About this task:
Give again, word for word, the line holding "Snowboard (Pickup near" and every line after it through the end of the data below. Omit pictures.

(Stored data begins)

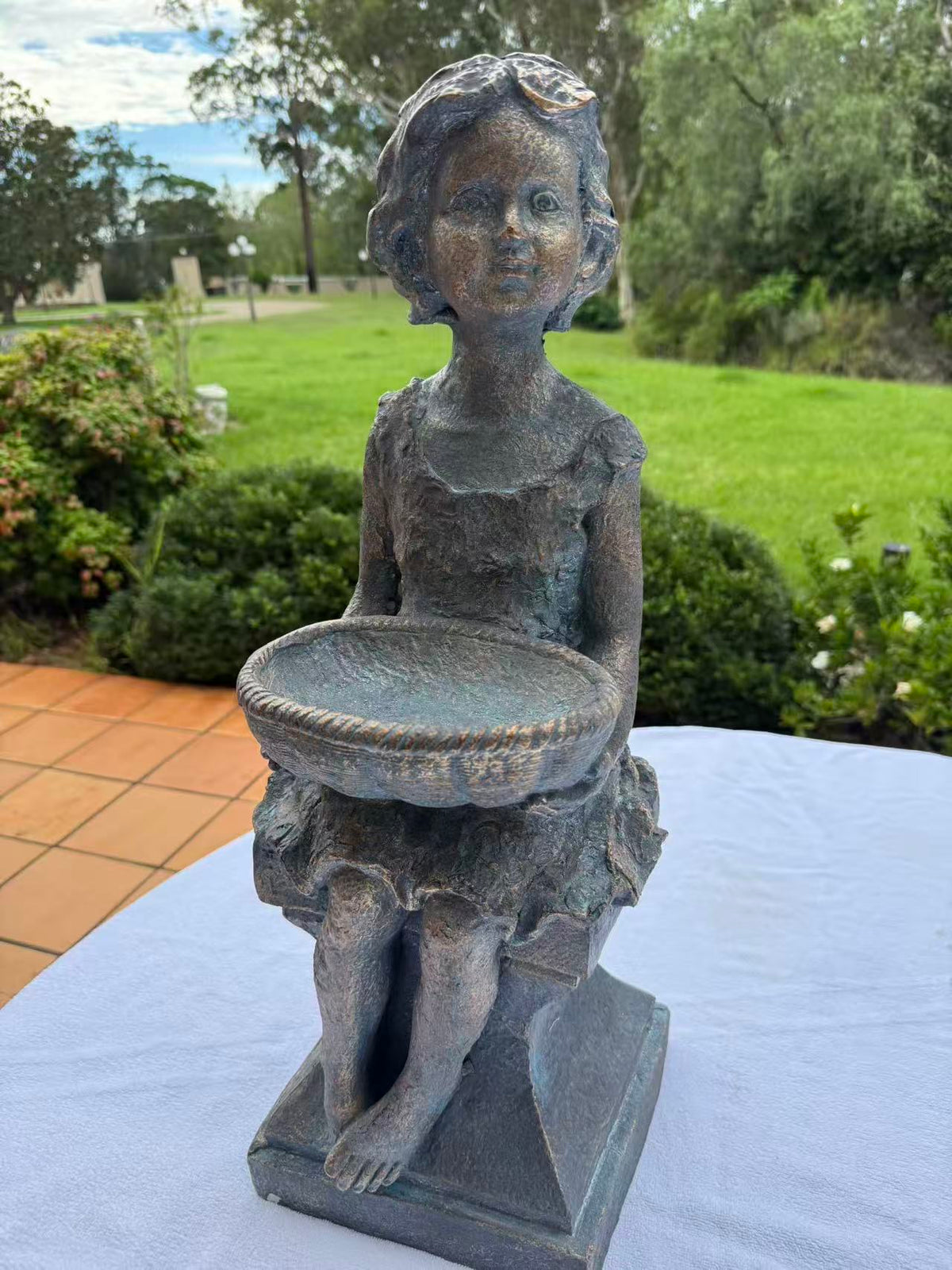 Chica delightful child statue Garden Decoration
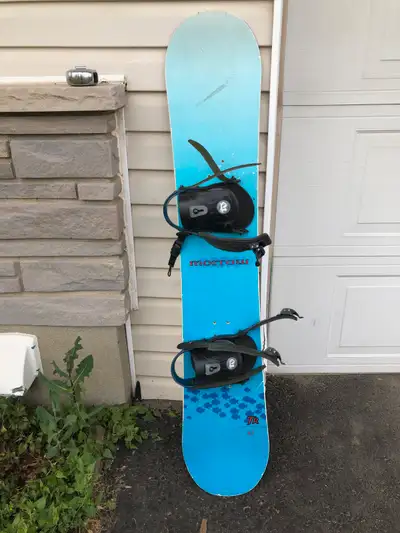 Snowboard (Pickup near Nepean Sportsplex / Algonquin College), View more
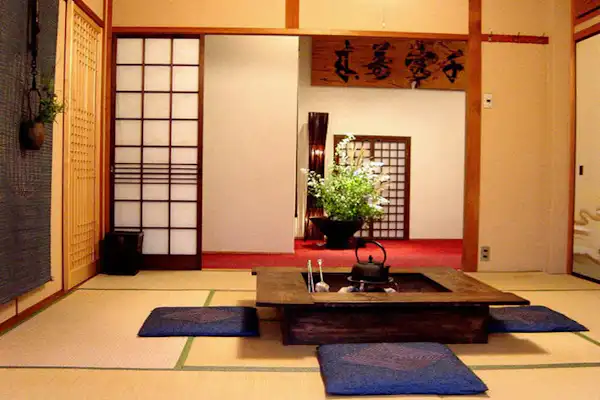 Ruang tamu dengan perapian tradisional.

(Stored data ends)

Answer to this task:
 Snowboard (Pickup near Nepean Sportsplex / Algonquin College), View more
 Ruang tamu dengan perapian tradisional.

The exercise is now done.